Render Unto Rome_ The Secret Life of Money in the Catholic Church - Jason Berry [142]
Joe Smith told me, “Pilla felt he had earned the house through his time as bishop. His mom would stay out there with him. The Dolans were pissed at us and they should have been: the purpose was for priests to get away from the parish, and relax—a house in the woods with six bedrooms upstairs, a pond and a creek and tennis courts. Pilla wanted the property in his name. I went to see Pat McCartan, Jack Newman [another Jones Day top partner], and Peter Carfagna to figure a way to do this without all of us winding up in the can. It was the damnedest thing. Pilla had complete access to the place; he was afraid that when the next bishop came he would throw him out. He wanted the house in his name. Then it came out in the press, so we’re selling it. I think Peter Carfagna decided to help Pilla out of the jam. Pilla tells me, ‘You go out and clean it up.’ So I’m spending days in this fricking house, making sure it’s cleaned, bills paid, overseeing Jimmy jobs on repair … He wanted someone he could trust. He was so concerned about his image.”

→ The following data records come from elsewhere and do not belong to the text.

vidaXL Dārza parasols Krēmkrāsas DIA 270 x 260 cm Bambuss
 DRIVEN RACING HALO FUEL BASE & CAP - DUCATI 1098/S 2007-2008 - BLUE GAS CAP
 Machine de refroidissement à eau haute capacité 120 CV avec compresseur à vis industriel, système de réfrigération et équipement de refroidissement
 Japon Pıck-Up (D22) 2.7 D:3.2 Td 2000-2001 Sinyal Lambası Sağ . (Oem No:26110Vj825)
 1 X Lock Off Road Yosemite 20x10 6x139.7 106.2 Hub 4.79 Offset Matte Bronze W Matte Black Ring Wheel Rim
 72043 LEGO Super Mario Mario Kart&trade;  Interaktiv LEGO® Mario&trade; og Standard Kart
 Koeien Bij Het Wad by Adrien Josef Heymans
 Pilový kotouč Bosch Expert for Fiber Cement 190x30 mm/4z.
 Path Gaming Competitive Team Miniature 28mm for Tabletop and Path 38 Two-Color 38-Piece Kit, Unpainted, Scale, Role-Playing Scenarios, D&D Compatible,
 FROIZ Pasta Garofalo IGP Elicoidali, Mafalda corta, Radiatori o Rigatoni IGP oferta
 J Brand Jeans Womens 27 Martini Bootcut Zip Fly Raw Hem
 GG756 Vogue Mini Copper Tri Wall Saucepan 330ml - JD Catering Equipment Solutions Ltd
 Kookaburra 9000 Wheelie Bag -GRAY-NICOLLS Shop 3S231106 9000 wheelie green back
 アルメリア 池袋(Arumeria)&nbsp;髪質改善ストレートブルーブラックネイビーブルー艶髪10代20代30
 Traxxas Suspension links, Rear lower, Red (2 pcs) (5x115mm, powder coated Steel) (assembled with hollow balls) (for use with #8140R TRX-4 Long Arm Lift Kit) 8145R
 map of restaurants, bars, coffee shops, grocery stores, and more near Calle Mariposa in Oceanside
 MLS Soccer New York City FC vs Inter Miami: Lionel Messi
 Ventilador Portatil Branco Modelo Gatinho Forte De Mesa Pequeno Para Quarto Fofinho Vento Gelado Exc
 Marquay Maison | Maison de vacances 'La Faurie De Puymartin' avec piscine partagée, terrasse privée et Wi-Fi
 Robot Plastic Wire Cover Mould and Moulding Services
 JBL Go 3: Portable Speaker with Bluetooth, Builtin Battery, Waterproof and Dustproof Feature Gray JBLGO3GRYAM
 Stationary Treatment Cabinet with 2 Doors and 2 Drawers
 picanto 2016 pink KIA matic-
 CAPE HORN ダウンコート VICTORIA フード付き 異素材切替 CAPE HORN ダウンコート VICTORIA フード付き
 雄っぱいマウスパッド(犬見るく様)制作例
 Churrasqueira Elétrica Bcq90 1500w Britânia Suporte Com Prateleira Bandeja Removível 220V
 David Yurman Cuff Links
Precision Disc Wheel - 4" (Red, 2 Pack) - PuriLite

The evidentiary motions fed deeper coverage in the Plain Dealer. “The Anthony M. Pilla Charitable Account wasn’t a secret fund but rather the former bishop’s personal savings account,” reported Mike Tobin, referring to a fund at $500,000 plus. Stephen Sozio of Jones Day, for the diocese, accused Joe Smith of trying “to impugn Bishop Pilla by arguing that the transactions … on which he actually advised the bishop were somehow untoward. They were not.”
But why was Pilla’s account secret? Why so many secret accounts? And how does a bishop amass half a million dollars plus in private savings?
“Smith was comfortable receiving additional compensation in this fashion because Bishop Pilla had a similar investment account,” wrote Kushner, implying a bishop in harmony with secret payments to upper-echelon personnel.
On June 14, 2007, Judge Aldrich ordered the diocese to provide many of the financial records the defense requested, though not the IRS findings. The files included payments of $27,200 to the family of a deacon who had lost his job at a high school for making sexual advances to girls. The disclosure of payments included a loan approved by Father Wright for $60,000 in church funds to another female secretary. Kushner was taking off the gloves as Jones Day lawyers positioned Pilla and Wright as victims.
Judge Aldrich framed the core issue of the approaching trial:
The defendants’ position is that while the evidence sought would cast doubt on the credibility of Bishop Pilla, Father Wright and the Diocese, it also and primarily serves to rebut the factual assertions Bishop Pilla and Father Wright make—that the Kickback Scheme could not have been authorized, was not authorized, and was not similar to common, questionable practices used by the Diocese.16
“Bishop Pilla, Father Wright, Joe Smith, they were all stealing,” Charlie Feliciano told the New York Times. “It was a corporate culture that was corrupt at almost all the top levels.”17 Disappointed that Pilla and Wright escaped indictment, Feliciano took comfort that his thwarted civil case of defrauding a religious charity would be distilled into a federal criminal proceeding.
A thorny legal issue arose: a tape recording as prosecution evidence.
In January 2004, with the diocese in damage control over the secret files, Anton Zgoznik was at a conference in Las Vegas. Stunned to hear Joe Smith had been sacked, Zgoznik made his first call to the priest who had blessed his marriage and later his infant son: John Wright, who confided that he had gotten an attorney. Hang in there, he recalled the priest saying. Remember that Joe worked for you. Anton Zgoznik felt alone on an island.18 When he reached out to Zrino Jukic, both men smelled trouble.